2. Communicate: Have an open conversation with your team about discretionary spend—what it is, and how it affects the business. Helping employees see the link between the everyday choices they make and the bottom line paves the way to getting your entire team to think more strategically. And if you find that your discretionary spending is on the high side, you can involve your team members in creative solutions to bring it down.
3. Formalize or fine-tune: Based on your findings, you might need to establish or make changes to your policies and processes. In our companion survey, two-thirds of employees look for ways to save the company money and follow spending policies conscientiously, so giving them clear guidelines and explaining the “why” behind them help build a sense of shared mission.
4. Analyze: Once you have a handle on your discretionary spend baseline, you can start assessing how much of it is productive by helping you close deals, understand your customer more deeply, or deliver faster. You’ll also identify some unproductive spend that’s not getting you closer to those bigger goals. This could take the form of recurring expenses or pricey color printouts that get dumped in the recycle bin at the end of a trade show. Elevating the conversation around productive vs. unproductive spend helps your whole team adopt a more strategic mindset.

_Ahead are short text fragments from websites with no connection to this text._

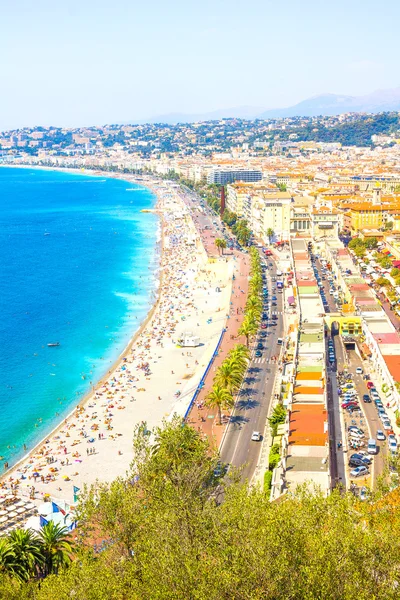 Los turistas disfrutan del buen tiempo en la playa de Niza, Francia — Foto de Stock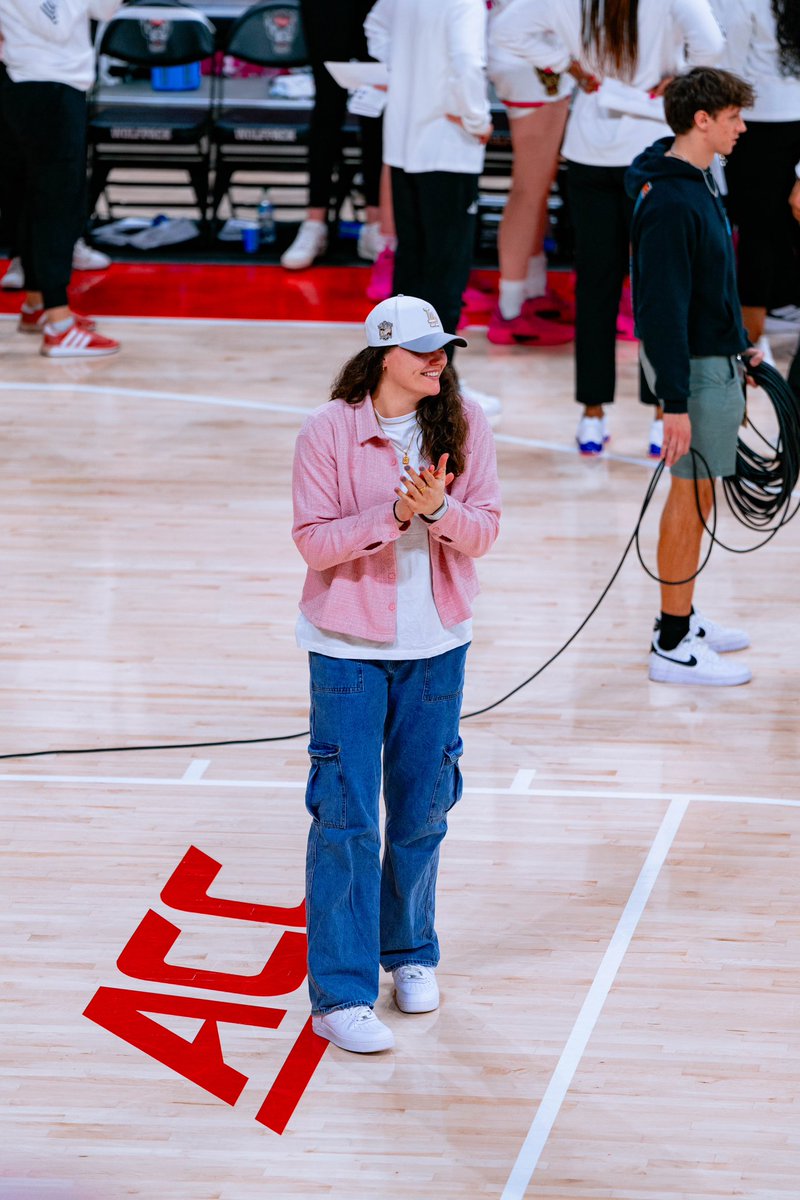 Having <a href="/BaldwinRiver/">River Baldwin</a> back in Reynolds&gt;&gt;&gt; 💗

She’s been absolutely ballin’ overseas!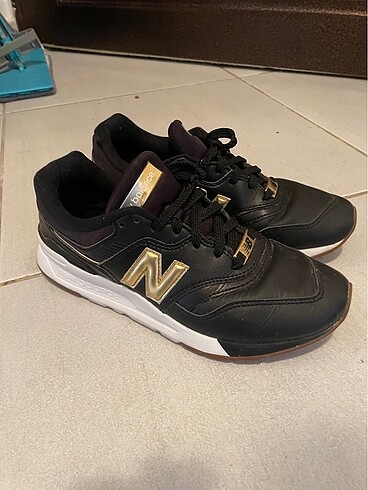New Balance 37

5. Empower: After all, you don’t want to create an environment where all spending is a bad thing. There are absolutely cases when employees should exercise their discretion to seize opportunities or accelerate growth. Talk about real scenarios and trade-offs as a team to ensure the business’s high-level priorities are clear and help everyone make smart, strategic spending decisions.
TO THE POINT:
Understanding your company’s discretionary spend, analyzing how productive it is, and empowering your team to evaluate it against strategic priorities can have a big impact on your bottom line.